If you haven’t already watched our video on estimating the repairs of big-ticket items, please do that now.

Number one – Control the materials

Contractors are businessmen to they need to find many ways of making a profit.
One such way is including the cost of materials in their quote.  Make sure you ask for quotes that involve labor only and materials decide whether or not it’s  cost-effective to buy items like paint fixtures orr let your contractor do it.

Number two – Maintain the schedule

If you’re acting as your own General Contractor,  then it’s your job to not only make sure the work is done but that is done on time.  Foundation repairs need to sit for a week before you do more work.  The ceiling fixtures go on after paint and paint happens after the floors are installed.  Knowing when contractors need to work in order is key.
Remember hiring one contractor for many jobs can cause your project to run longer.  It’s important to delegate.
Sign up for a free account to receive your complimentary timeline checklist.
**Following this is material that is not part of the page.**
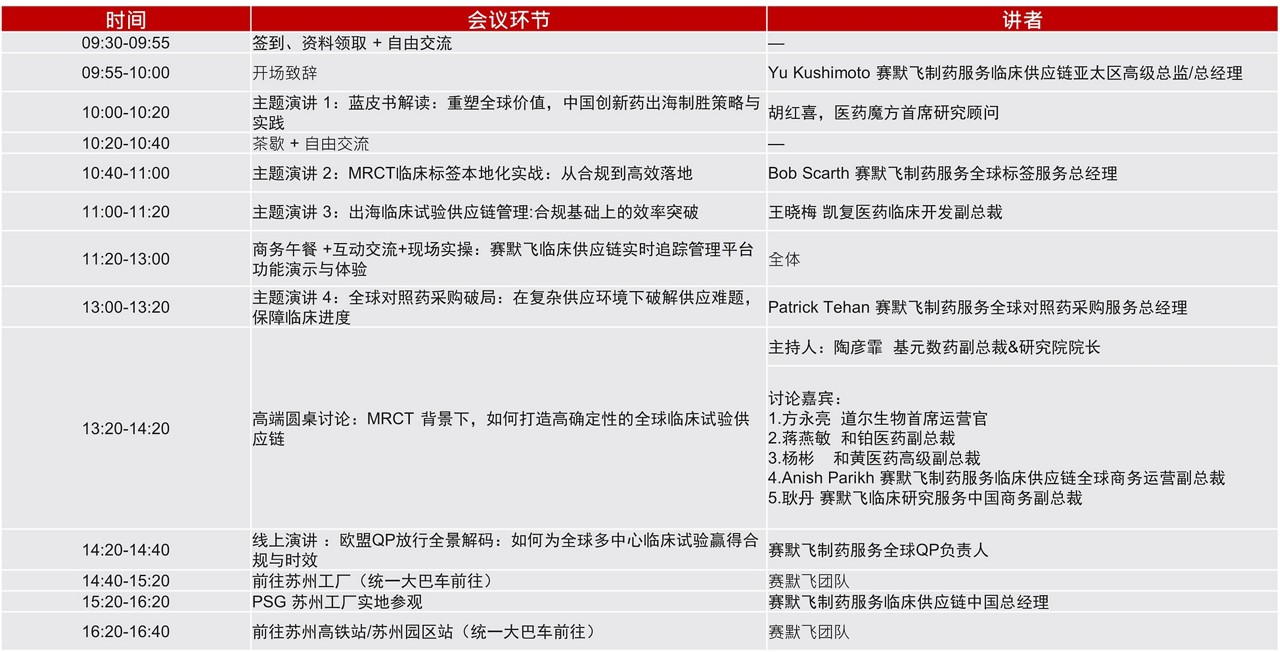 1024赛默飞苏州日程表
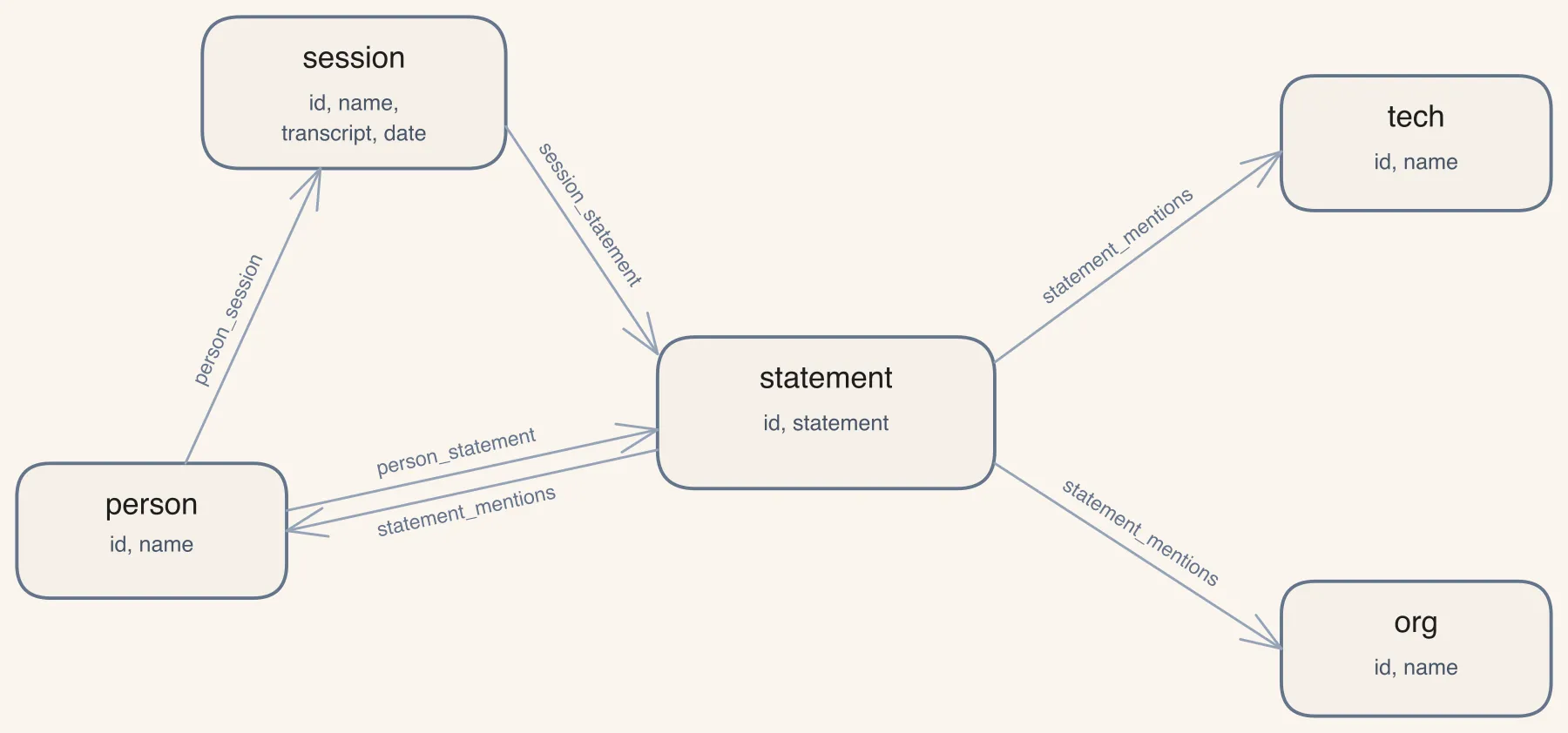 Knowledge graph schema showing session, statement, person, tech, and org nodes with their relationships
Number three – Know your limit

You might save $1,500 by painting the house yourself but will you save time and a headache? My rule of thumb is that it’s easier and more cost effective to demolition than it is to rebuild. Taking down a fence clearing out clutter and ripping up carpet doesn’t take skill and can be done in a matter of hours.  installing tile and back-splash, painting walls and hanging doors takes patience and precision acquired over years of practice.  Sometimes hiring outside help is the difference between collecting rent next month instead of two months from now.
Did you find this video helpful?  Please give it a share.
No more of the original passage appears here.